私のタイムトラベル

ある家の物語・白鷺家の人々
― 道理を破る法あれど法を破る道理なし ―

ワタシハ コノイエヲ デタイ!

2016年12月31日 | 1. 同居の始まり-母の日記より-

〇×△□年 

白鷺ユキ、43歳。 大学もやめて、塾もやめて、いま全くの専業主婦。 そして宅配おばさんをやっている。

少し前に離婚された夫の同僚のお宅にお惣菜を届けに行くのだ。 我が家と同年代の子供たちの”美味しい!” という言葉を聞くために。

 

我が家の歴史はまた塗り替えられて、いっときだって同じであることがない。

昨日も今日もまるで似通っていて、区別がつかなかった日には、思いもつかなかったこの変化。

日々とは私にとって決して変わらない<永遠の退屈>だった。

さみしいわが青春の風景は、しかしなんとやわらかな感傷の倖せに充ちていたことだろう。

そして今、これより先の日々を想いながら、その先の日々の中で、おそらくこんな今をも懐かしんでいるであろう自分を知る。

 

いま、私の精神は悲鳴を上げている。私の精神は自由になれない。おしこめられた私の自由。

とっても、わたし、がまんしている。 この家で。

水の泡のように私もこの家から消えてしまいたい。何故私はこの家に溶け込めないのだろう。

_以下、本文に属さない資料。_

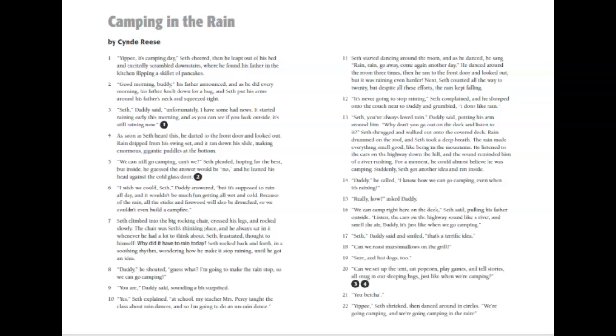He listened to the cars on the highway down the hill, and the sound reminded him of a river rushing. For a moment, he could almost believe he was camping. Suddenly, Seth got another idea and ran inside.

この家の明るく健全で賢明な疑いのない生活は私を苦しめる。 私を窒息させる。

私は、いつも塩をかけ続けられているナメクジみたいなものだ。 義母から、義姉から、義妹から、あらゆる白鷺家の人々から。

 

 “かみさま どうか 私に一日の平安をお与えください・・・。もし与えてくださったら、その次は2日目の平安を。

その次には3日目の・・・” 

私はなんて欲深なんでしょう。 まるであの沼に沈んでいく傲慢な少女のように、欲深な木こりのように、

おとぎ話にでてくる性質の悪い兄さんや姉さんのように、私も欲深です。  けれど・・・・

 

  ワタシハ コノイエヲ デタイ! ワタシハ コノイエヲ デタイ!!



私はナシの木町に来ることが本当に死んでしまいたいくらい嫌だったのである。

しかし、あの人は決めてしまった。母親と。私不在のところで。 

すべてはあとの祭りである。 

  

人生への熱い情熱は人一倍持ちながら、自分の道を見出すことが出来ず、さりとて立派な主婦にもなれず、私はもうすぐ44歳になる。